Because I chose OpenAPI as the tool type, I need to provide an OpenAPI spec for my Cloud Function. There’s a sample provided, and I used that to put together my spec. Note that the URL is the function’s base URL, and the path contains the specific function name.
{
"openapi": "3.0.0",
"info": {
"title": "Cage API",
"version": "1.0.0"
},
"servers": [
{
"url": "https://us-central1-seroter-anthos.cloudfunctions.net"
}
],
"paths": {
"/function-get-cage-times": {
"get": {
"summary": "List all open cage times",
"operationId": "getCageTimes",
"responses": {
"200": {
"description": "An array of cage times",
"content": {
"application/json": {
"schema": {
"type": "array",
"items": {
"$ref": "#/components/schemas/CageTimes"
}
}
}
}
}
}
}
}
},
"components": {
"schemas": {
"CageTimes": {
"type": "object",
"required": [
"cageNumber",
"openSlot",
"cageType"
],
"properties": {
"cageNumber": {
"type": "integer",
"format": "int64"
},
"openSlot": {
"type": "string"
},
"cageType": {
"type": "string"
}
}
}
}
}
}
Finally, in this “tool setup” I define the authentication to that API. I chose “service agent token” and because I’m calling a specific instance of a service (versus the platform APIs), I picked “ID token.”

After saving the tool, I go back to the agent definition and want to update the instructions to invoke the tool.
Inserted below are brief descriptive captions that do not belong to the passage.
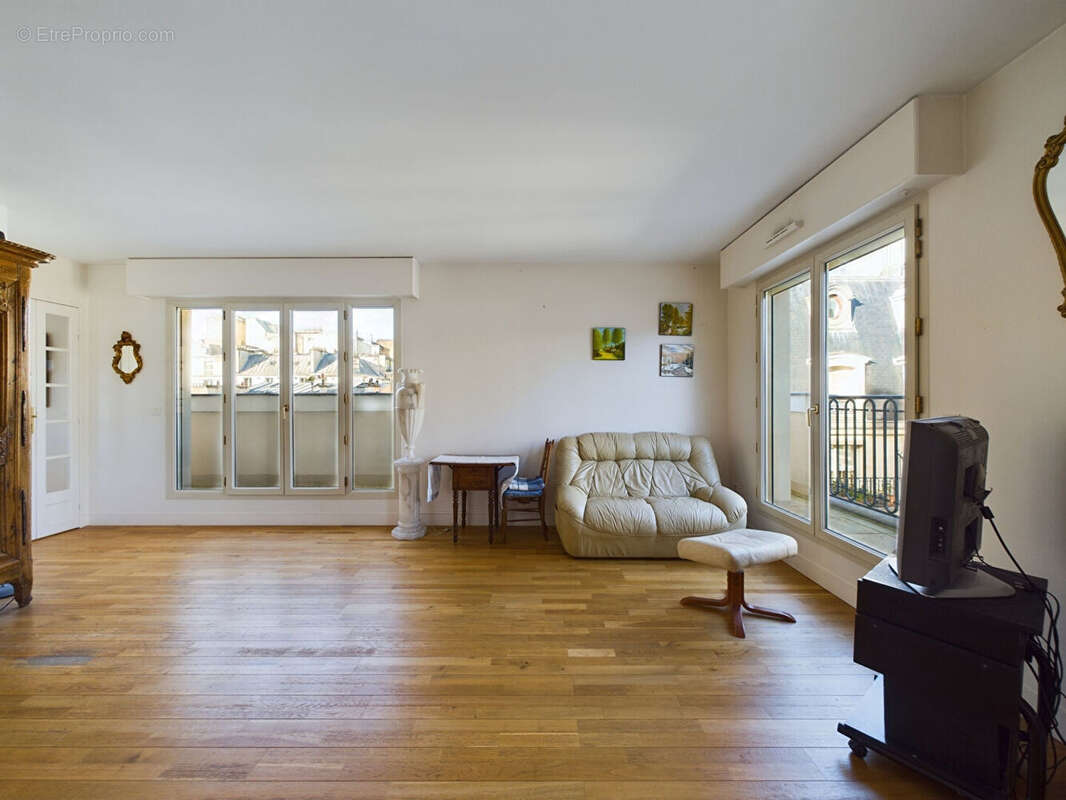 Appartement à PARIS-17E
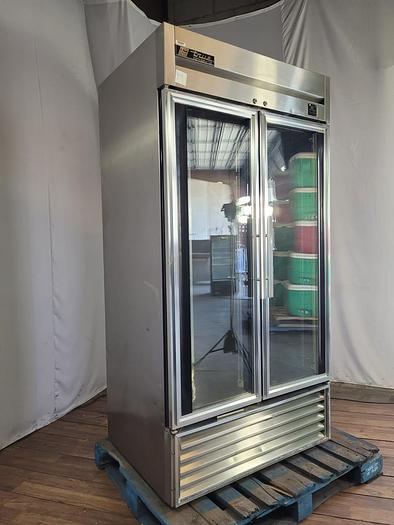 Used COMMERCIAL TRUE REACH-IN REFRIGERATOR-TS-35G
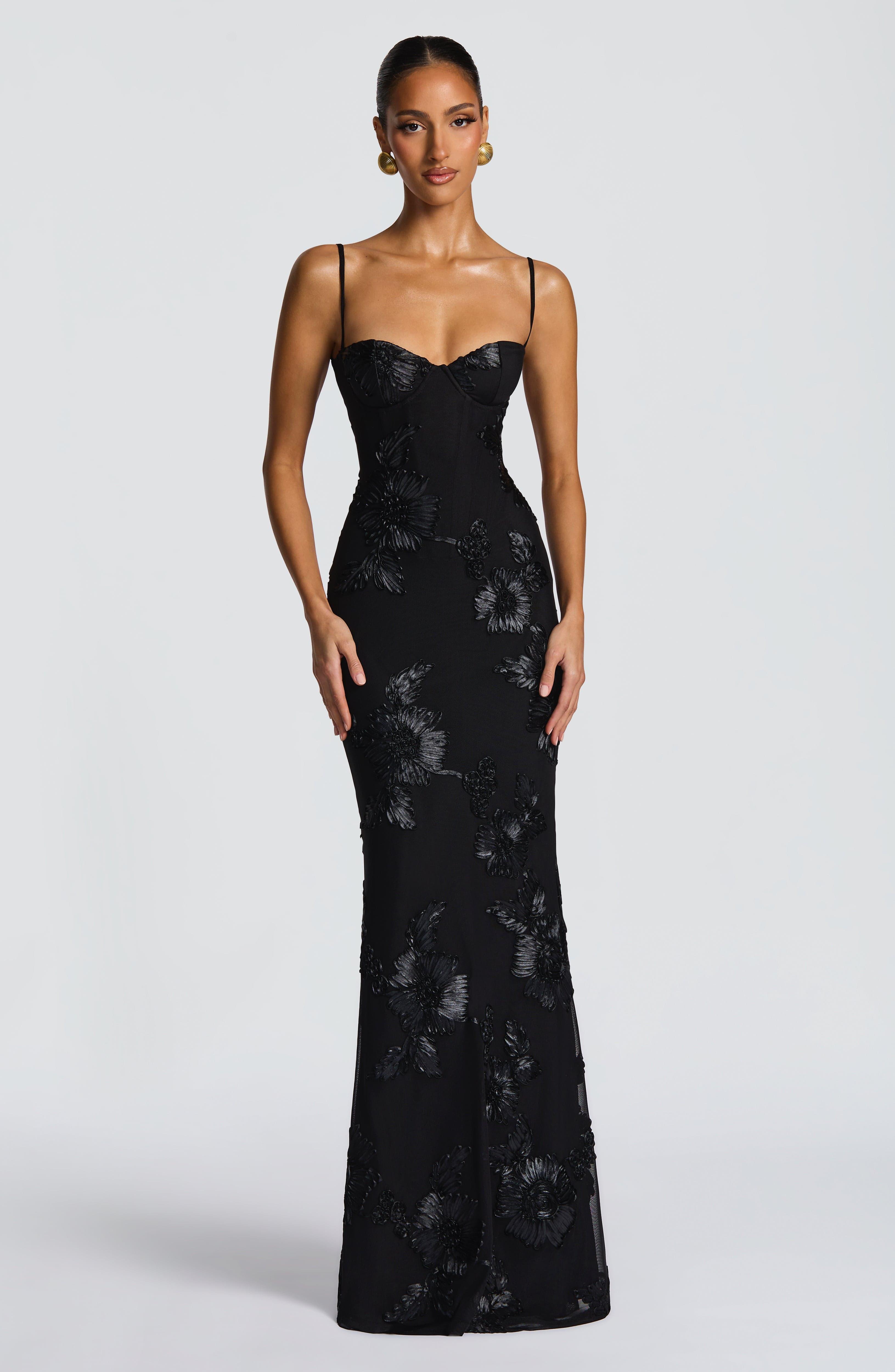Black Nefertiti Maxi Dress - ICYBOO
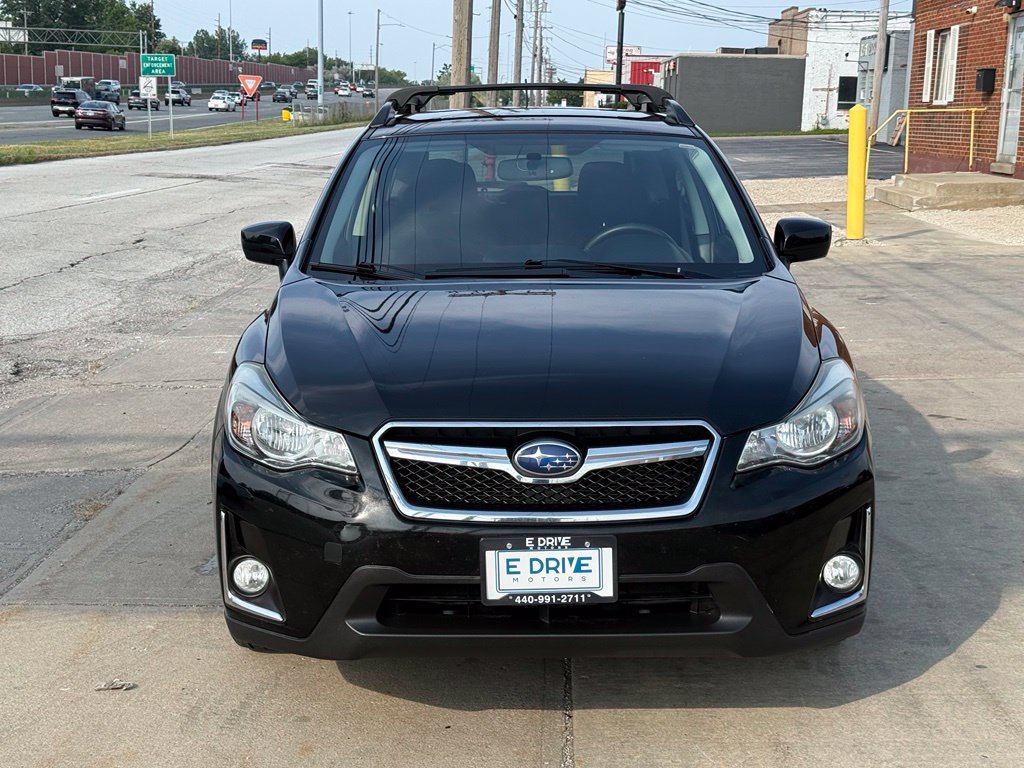 Used 2016 Subaru Crosstrek 2.0i Premium AWD/4WD image 2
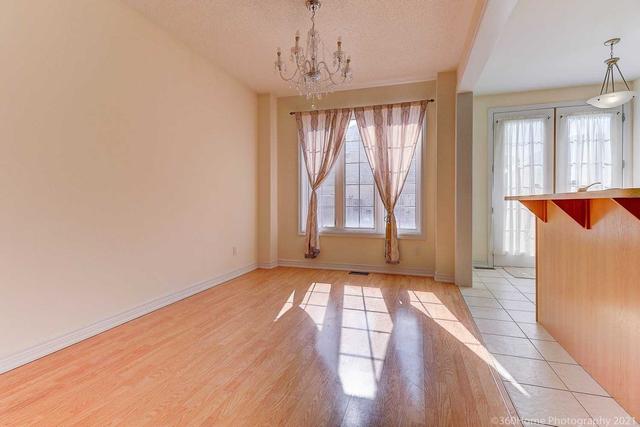 2942 Donald Cousens Pkwy, House attached with 3 bedrooms, 3 bathrooms and 3 parking in Markham ON | Image 17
I use the syntax, and appreciated the auto-completion help.

Let’s see if it works. I went to the right-hand preview pane and asked it a generic baseball question. Good. Then I asked it for open times in the batting cage. Look at that! It didn’t just return a blob of JSON; it parsed the result and worded it well.

Very cool. There are some quirks with this tool, but it’s early, and I like where it’s going. This was MUCH simpler than me building a RAG-style or function-calling solution by hand.
Summary
The AI assistance and model building products get a lot of attention, but some of the most interesting work is happening in the tools for AI app builders. Whether you’re experimenting with prompts, coding up a solution, or assembling an app out of pre-built components, it’s a fun time to be developer. What products, tools, or frameworks did I miss from my assessment?